Scenario: You verify a vulnerability by planting a file named pwned.txt
in the root directory.
Step 1: Analyze the Target
Download the sample file iot_camera_v1.bin (simulated).
128 0x80 SquashFS filesystem, little endian, version 4.0
Step 2: Extract
Since the offset is 128, let's carve it manually.
dd if=iot_camera_v1.bin of=rootfs.squashfs bs=1 skip=128
unsquashfs rootfs.squashfs
# This creates the 'squashfs-root' directory
Step 3: Modify
cd squashfs-root
echo "If you are reading this, I have root." > pwned.txt
# Verify it's there
ls -l pwned.txt
Step 4: Repack
cd ..
mksquashfs squashfs-root/ mod_rootfs.squashfs -comp gzip
# Check if size fits! IT MUST NOT BE LARGER than the flash partition.
ls -l rootfs.squashfs mod_rootfs.squashfs
Extra Credit: Header Patching
The lab isn't over. Your modified firmware is larger than the original! You cut off the header bytes
(0-128). Use cat to splice them back together.
# Get the original header (first 128 bytes)

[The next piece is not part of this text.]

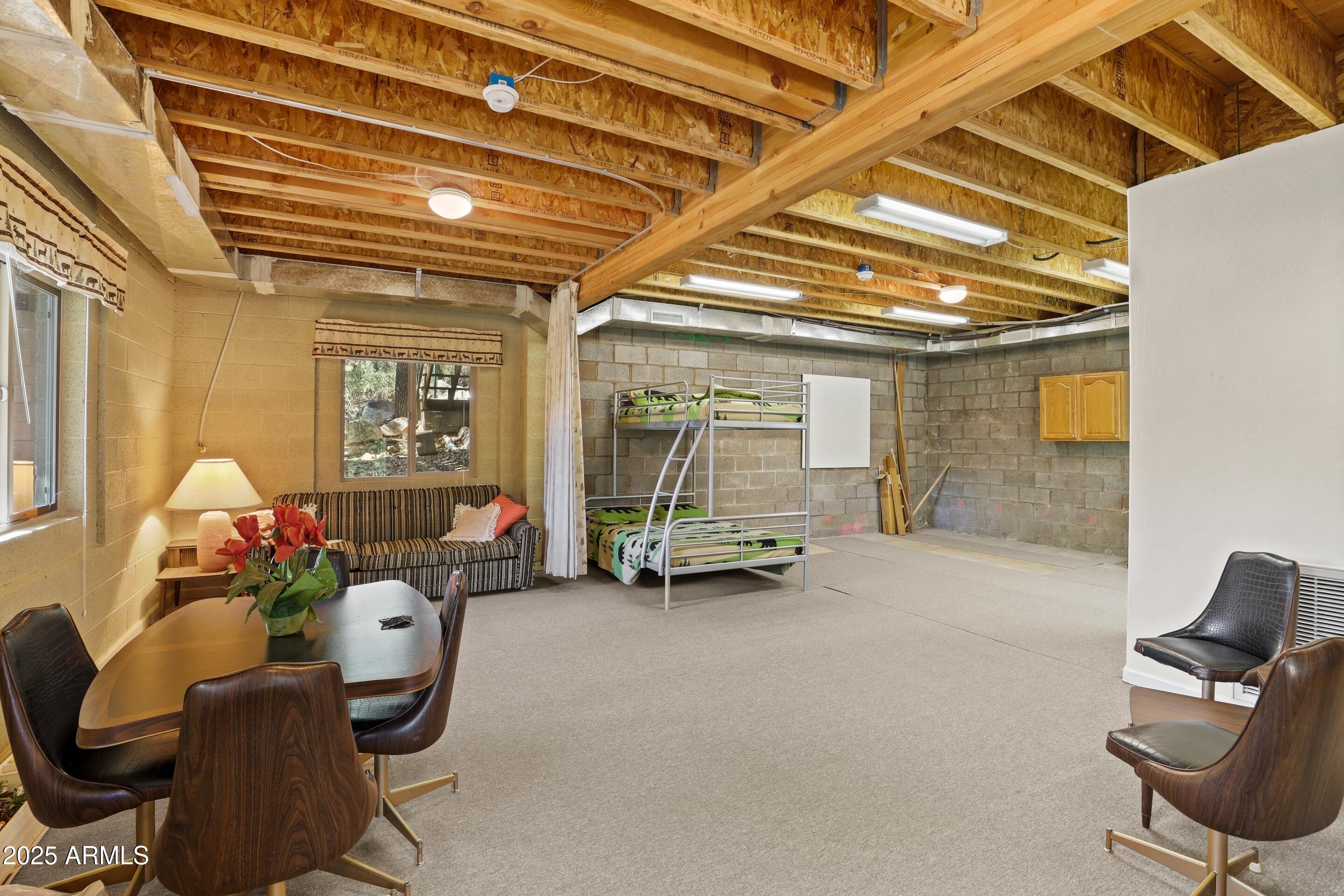 989 Verde Road Payson, AZ 85541 - Photo 28 of 44 a view of a room with gym equipment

dd if=iot_camera_v1.bin of=header.bin bs=1 count=128
# Combine
cat header.bin mod_rootfs.squashfs > pwned_firmware.bin
Outcome Check
- Explain the difference between a Bootloader, Kernel, and Filesystem.
- Interpret Binwalk output and identify potential false positives.

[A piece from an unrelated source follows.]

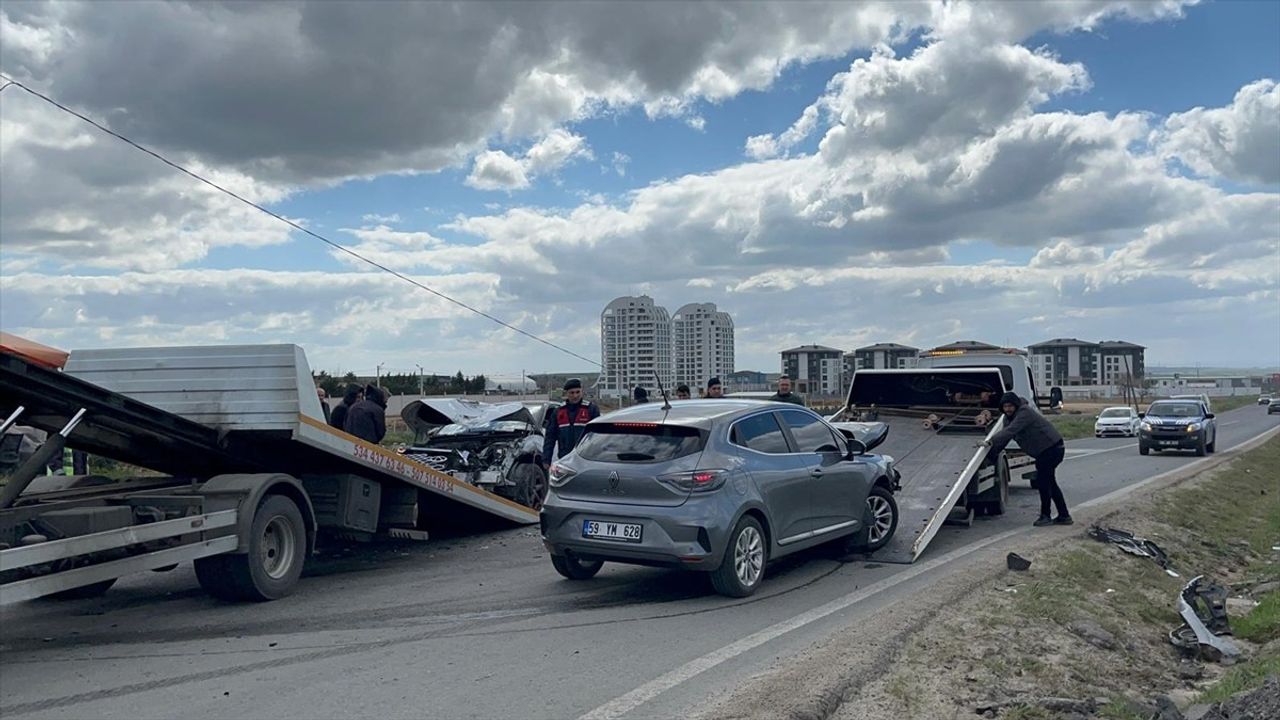 Tekirdağ'da Askeri Araçla İki Otomobil Çarpıştı: 6 Yaralı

- Use `dd` to manually carve binary data based on offsets.
- Analyze entropy graphs to identify encrypted partitions.
- Perform the Extract-Modify-Repack cycle on a Linux filesystem.

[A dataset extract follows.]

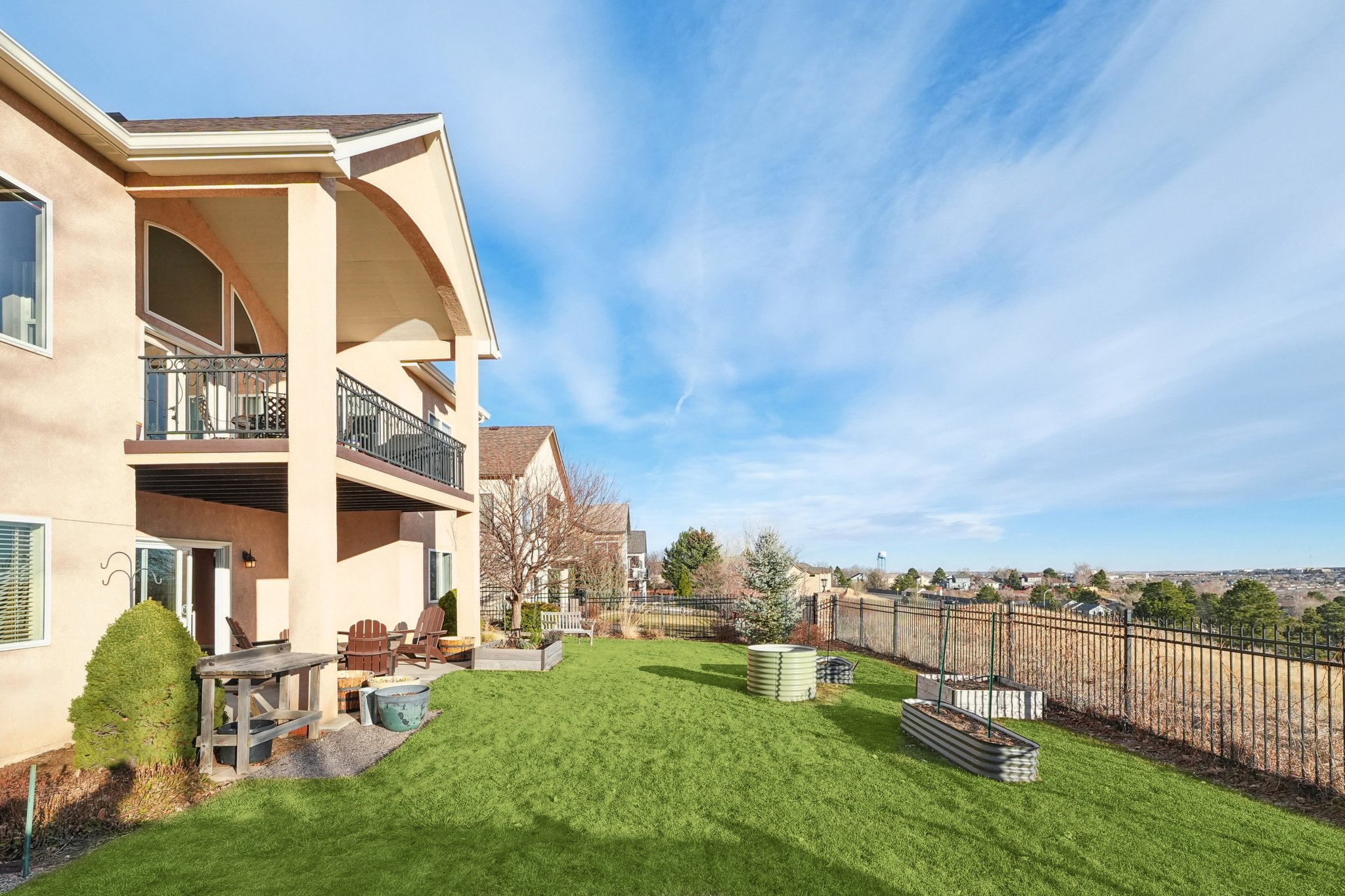 Bayfield Dr-S2101-082.jpg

- Verify CRC checksums to prevent bricking during repacking.
Resources & Tools
Glossary of Terms
- Blob
- Binary Large Object. A raw firmware image with no filesystem structure.
- SquashFS
- A compressed, read-only filesystem optimized for embedded devices. It compresses both data and metadata (inodes).
- LZMA
- Lempel-Ziv-Markov chain Algorithm. A compression dictionary method with high ratios, standard in IoT.
- NVRAM
- Non-Volatile RAM. Used to store configuration settings (bootargs, wifi_ssid) that persist after reboot.
- Entropy
- A measure of randomness. High entropy (1.0) = Compression or Encryption. Low entropy = Code/Text.
- OOB Data
- Out-Of-Band data. Spare bytes in NAND flash pages used for Error Correction Codes (ECC), not visible in normal filesystems.
- U-Boot
- Universal Bootloader. The de-facto standard bootloader for embedded Linux devices.
- Brick
- A device that fails to boot, often due to a corrupted firmware update/modification (Soft brick) or hardware damage (Hard brick).